J.C. Penney: The Good, the Bad, and the Ugly
What's the price a company pays for not knowing what it is, and what it stands for? If it's in retail, such a situation can be akin to a death sentence. After J.C. Penney's latest earnings release, it's clear that the company is discovering this lesson the hard way.
The retailer decided to shift its focus and pricing strategy under former CEO Ron Johnson, and though he has since left, the damage from that ill-fated decision still lingers. Current management, under the direction of CEO Myran Ullman -- who is on his second go-round running J.C. Penney -- is bringing back its tried-and-true pricing strategy.
How that transition plays out remains to be seen, but the company's earnings release offered some clues.
The major headline that's been offering hope to J.C. Penney investors lately is the fact that same-store sales were able to grow during the month of October for the first time since 2011. Many take this as a sign that customers are coming back to the company they once knew.
Increased sales alone, however, are not enough to mean that J.C. Penney is out of the woods. If those sales are in the form of steep markdowns, it means that the company isn't making much money; it also means that customers are coming back for some ridiculous deals, and not because of loyalty to Penney.
But management put those fears to rest by telling analysts that it expects gross margins to improve both sequentially and year over year during the holiday season. That means they should come in above this quarter's 29.5% clip. More than anything, I think this is why shares of the company are up near 10% in early trading.
Unfortunately, a return to profitability isn't coming in the immediate future. Ullman said that J.C. Penney still has a glut of inventory brought in during Johnson's tenure that simply did not resonate with customers.
If there were no repercussions, I have no doubt that Ullman would get rid of this inventory in a second -- but that wouldn't be a prudent financial decision. Instead, the company needs to continue selling these products at steep markdowns in order to get rid of it all.
For the quarter, gross margins declined 300 basis points. Ullman said that two-thirds of that decline was due to markdowns on inventory the company is trying to get off its hands. He expects a similar trend in the fourth quarter, and then for the problem to eventually go away.
Companies can sometimes play tricks that lead us to believe things are better than they are. J.C. Penney claimed that comparable-store sales were up during the month of October. They failed to mention, however, that e-commerce sales are included in this equation.
If we were to back out the solid performance of jcp.com, sales for the company would have declined 7.4% for the quarter. And because of how the numbers are reported, it's impossible to tell how same-store sales of brick-and-mortars fared during October.

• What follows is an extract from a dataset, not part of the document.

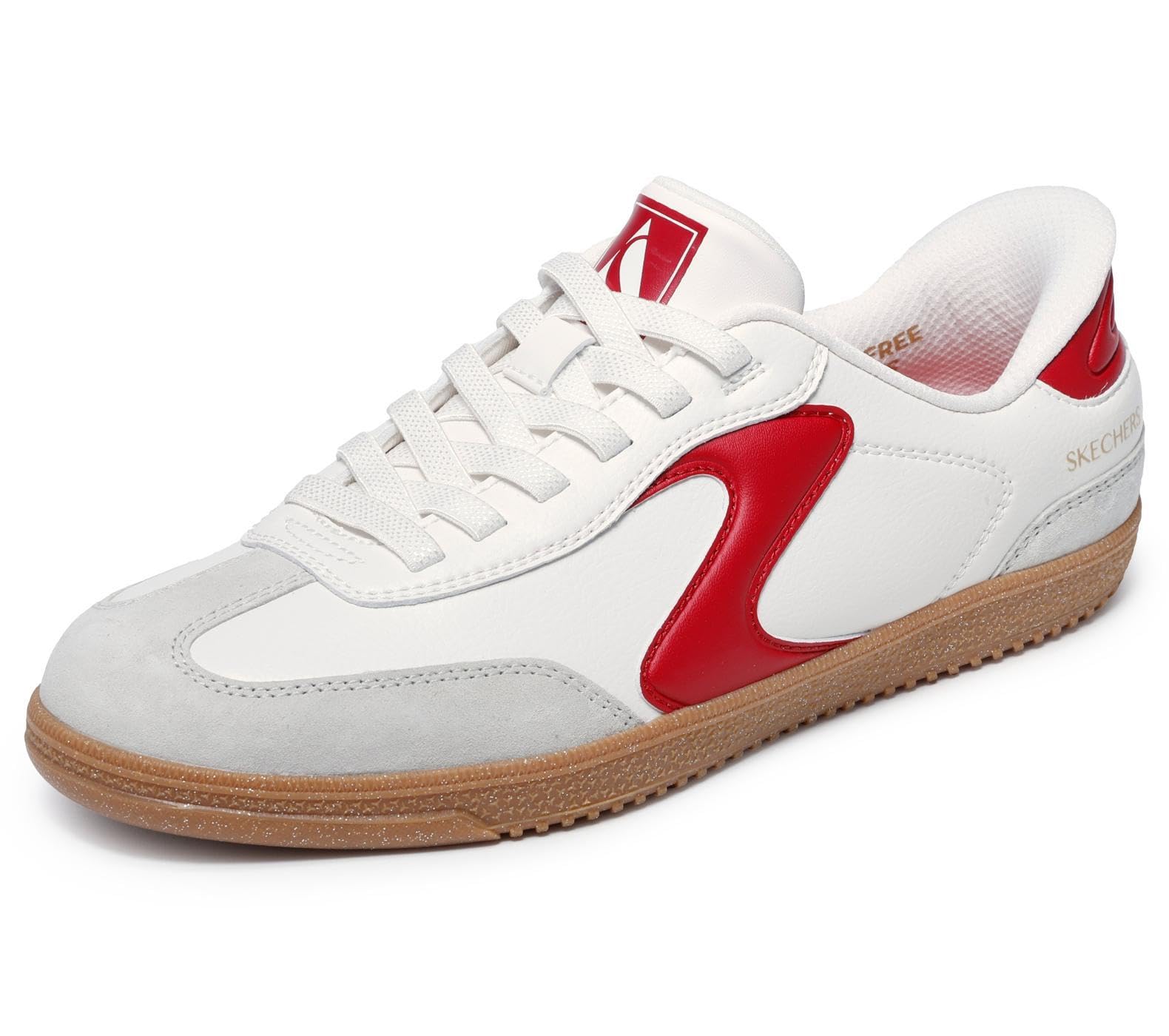 Skechers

Furthermore, the company continues to bleed cash. During the quarter, J.C. Penney lost almost $900 million in free cash flow. That brings the total cash burn for the company to more than $3 billion for 2013.
When it comes to operating metrics, J.C. Penney is still worst-in-class.
Source: SEC filings, Yahoo! Finance. Same-store sales and gross margin are for the most recent quarter.
A Foolish verdict
Despite the litany of discouraging numbers coming out of the company's earnings release, it's important to remember that the market is more concerned with what a company is going to do than what it has done.
It's important to take J.C. Penney's debt situation into consideration -- given how much cash it has been burning -- and the company's overall valuation.
Source: SEC filings, Yahoo! Finance.
The debt situation actually doesn't seem as bad from this vantage point, and J.C. Penney looks downright cheap based on sales. But there's a reason for that: Macy's is growing sales, and Kohl's is stagnant. Both companies are profitable. J.C. Penney, on the other hand, is bleeding both customers and cash.
The holiday season will be critically important for J.C. Penney. After promising higher gross margins in the fourth quarter, Ullman needs to deliver. And even if this does happen, same-store sales, as well as the company's continued burn of cash, needs to show significant improvement.